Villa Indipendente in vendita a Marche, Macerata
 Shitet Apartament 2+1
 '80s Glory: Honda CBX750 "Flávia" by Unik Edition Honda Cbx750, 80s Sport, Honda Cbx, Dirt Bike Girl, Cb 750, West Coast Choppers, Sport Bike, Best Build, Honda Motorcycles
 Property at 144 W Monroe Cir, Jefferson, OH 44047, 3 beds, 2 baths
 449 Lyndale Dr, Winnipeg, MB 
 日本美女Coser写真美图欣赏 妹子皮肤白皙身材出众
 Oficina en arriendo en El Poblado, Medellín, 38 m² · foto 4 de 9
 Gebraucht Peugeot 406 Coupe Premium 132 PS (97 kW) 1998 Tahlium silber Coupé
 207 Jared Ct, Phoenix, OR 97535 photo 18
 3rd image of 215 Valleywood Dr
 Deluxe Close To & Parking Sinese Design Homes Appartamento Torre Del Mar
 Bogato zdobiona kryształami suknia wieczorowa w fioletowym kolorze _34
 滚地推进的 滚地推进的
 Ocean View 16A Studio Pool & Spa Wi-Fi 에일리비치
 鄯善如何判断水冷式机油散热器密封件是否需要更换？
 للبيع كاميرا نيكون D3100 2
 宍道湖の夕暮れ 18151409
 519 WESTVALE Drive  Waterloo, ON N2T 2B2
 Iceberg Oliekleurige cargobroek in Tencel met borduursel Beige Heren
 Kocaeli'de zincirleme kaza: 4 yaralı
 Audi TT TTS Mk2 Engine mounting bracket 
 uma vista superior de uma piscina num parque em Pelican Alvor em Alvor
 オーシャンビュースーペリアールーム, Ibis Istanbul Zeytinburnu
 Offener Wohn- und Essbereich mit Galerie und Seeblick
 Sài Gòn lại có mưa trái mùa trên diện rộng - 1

Required action - Within the listing above, extract exactly the lines from the line with "449 Lyndale Dr, Winnipeg, MB" to the line with "Offener Wohn- und", the two named lines included, and no others.

Expected answer -
 449 Lyndale Dr, Winnipeg, MB 
 日本美女Coser写真美图欣赏 妹子皮肤白皙身材出众
 Oficina en arriendo en El Poblado, Medellín, 38 m² · foto 4 de 9
 Gebraucht Peugeot 406 Coupe Premium 132 PS (97 kW) 1998 Tahlium silber Coupé
 207 Jared Ct, Phoenix, OR 97535 photo 18
 3rd image of 215 Valleywood Dr
 Deluxe Close To & Parking Sinese Design Homes Appartamento Torre Del Mar
 Bogato zdobiona kryształami suknia wieczorowa w fioletowym kolorze _34
 滚地推进的 滚地推进的
 Ocean View 16A Studio Pool & Spa Wi-Fi 에일리비치
 鄯善如何判断水冷式机油散热器密封件是否需要更换？
 للبيع كاميرا نيكون D3100 2
 宍道湖の夕暮れ 18151409
 519 WESTVALE Drive  Waterloo, ON N2T 2B2
 Iceberg Oliekleurige cargobroek in Tencel met borduursel Beige Heren
 Kocaeli'de zincirleme kaza: 4 yaralı
 Audi TT TTS Mk2 Engine mounting bracket 
 uma vista superior de uma piscina num parque em Pelican Alvor em Alvor
 オーシャンビュースーペリアールーム, Ibis Istanbul Zeytinburnu
 Offener Wohn- und Essbereich mit Galerie und Seeblick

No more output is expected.